Trump’s latest affront - Arrogance, ignorance, and power
If in the years ahead, after leaving the White House and returning to civilian life, Donald Trump decides to write — or have ghost-written — another book, it could usefully bear the title How I made America Grate Again.
Almost every week, Trump appears to sink to a new low. He has now sparked fury in France and Britain by suggesting looser gun laws could have helped prevent deadly attacks in Paris in 2015, and linking a wave of knife crime in London to a handgun ban.
It is less than two weeks since French President Emmanuel Macron was enduring a comical bromance with Trump in Washington.
Macron’s state visit was intended as a charm offensive to challenge the US president’s ultra-nationalistic political
philosophy and world view. In particular, he sought to convince the Trump administration to support multilateral efforts to shut down Iran’s nuclear programme, to battle climate change and to safeguard free trade.
Overall, Macron wants to position France as the main conduit between the US and the EU, a process bolstered by Brexit and by German chancellor Angela Merkel’s weakened political position.
During the visit, the New York Times noted that Macron had “struck an apparent rapport with the mercurial American president, who has taken pride in testing, even alienating, some of the United States’ oldest and truest allies”.
He was prepared to endure touchy-feely moments with Trump, which he compared to the kissing, hugging and hand shaking that went on between US founding father Benjamin Franklin and the French philosopher Voltaire.
It followed a visit by British prime minister Theresa May, who went to Washington to cement the so-called special
relationship between the US and the UK. She too had moments of embarrassing kisses and hand-holding by Trump.
Far from showing any respect, understanding, or empathy with America’s oldest allies, Trump has alienated them further. Addressing a US gun lobby group, he caused outrage in the UK by suggesting that guns could help combat knife violence in London, and infuriated the French by imitating the 2015 Paris attackers and suggesting the carnage could have been halted if the victims had been armed.

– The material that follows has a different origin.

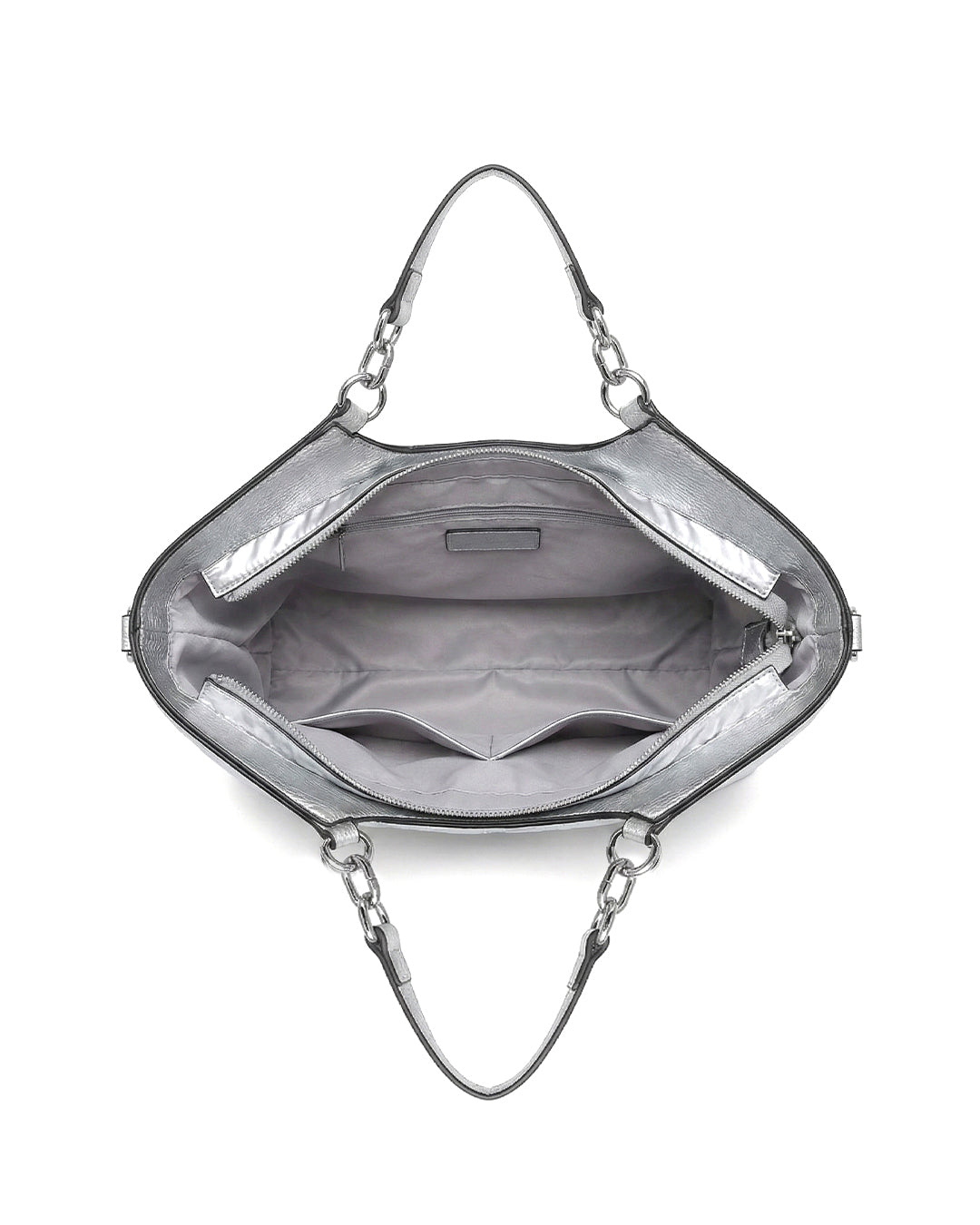 City Girls Futurist puffer Metallic Tote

The president cruelly mimicked the terrorists slowly killing their victims when, in reality, they were armed with automatic weapons and bombs.
It is hard to imagine a more grotesque parody of a world leader than the current occupier of the Oval Office. The problem, though, is not so much Trump’s burlesque buffoonery but his combination of arrogance and ignorance. In less than a week, he is to decide on whether or not to withdraw the US from the 2015 deal in which Iran agreed to curb its nuclear programme in exchange for sanctions relief.
Macron has warned that war could ensue if he does.
It is worth remembering that the Americans were the first to use nuclear weapons in anger. The danger is that they could also be the last.